Einstein finishes counting, looks up, and immediately sees Newton standing near him. Einstein says with surprise, “Newton, you really suck at hide and seek, I immediately found you.”
Newton replies “No, no, no you haven’t, you found one Newton per square meter!—-you found Pascal!”
Longtime readers may recall that I’m very much against the adoption of unit identifiers which are the names of persons. If memory serves, Isaac Asimov argued that the names of units should provide a clue as to what they might be. I’m very much of the same mind. As you might imagine I have a first order aversion to the “nesting” of units named after famous scientific persons. When I was taking some long forgotten class in engineering mechanics, I recall a number of problems which defined pressure in pascals. I didn’t question the pascal, but it always seemed a bit remote as far as gaining an intuitive understanding of the amount of pressure present.
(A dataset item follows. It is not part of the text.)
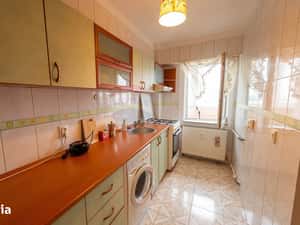 Garsoniera spatioasa de inchiriat zona Obor Soseaua Mihai Bravu — miniatura 6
I had not really thought much about those ancient exercises in engineering until recently. I was visiting my father in my small hometown, and he was working with another person installing a new Japanese printing press. A technician was installing air for the pneumatics, but was familiar with using pounds per square inch (PSI). He asked me “what is the conversion between pascals and PSI?” to which I could only reply that I could not recall it off the top of my head. The conversion is 1 PSI = 6894.757 pascal. The PSI is so removed in magnitude from a pascal, that one would need to deal in Kilopascals to obtain 1 PSI = 6.895 Kilopascals. But at that moment I was at a loss and could only blurt out what I thought was a useless statement: “well, a pascal is a newton per square meter.” The countenance of the technician brightened. It was clear that my statement actually helped him to understand that the metric system was not somehow creating a mysterious and esoteric alternative to force over area, but that a pascal could actually be related to a pound per square inch in terms of a newton per square meter.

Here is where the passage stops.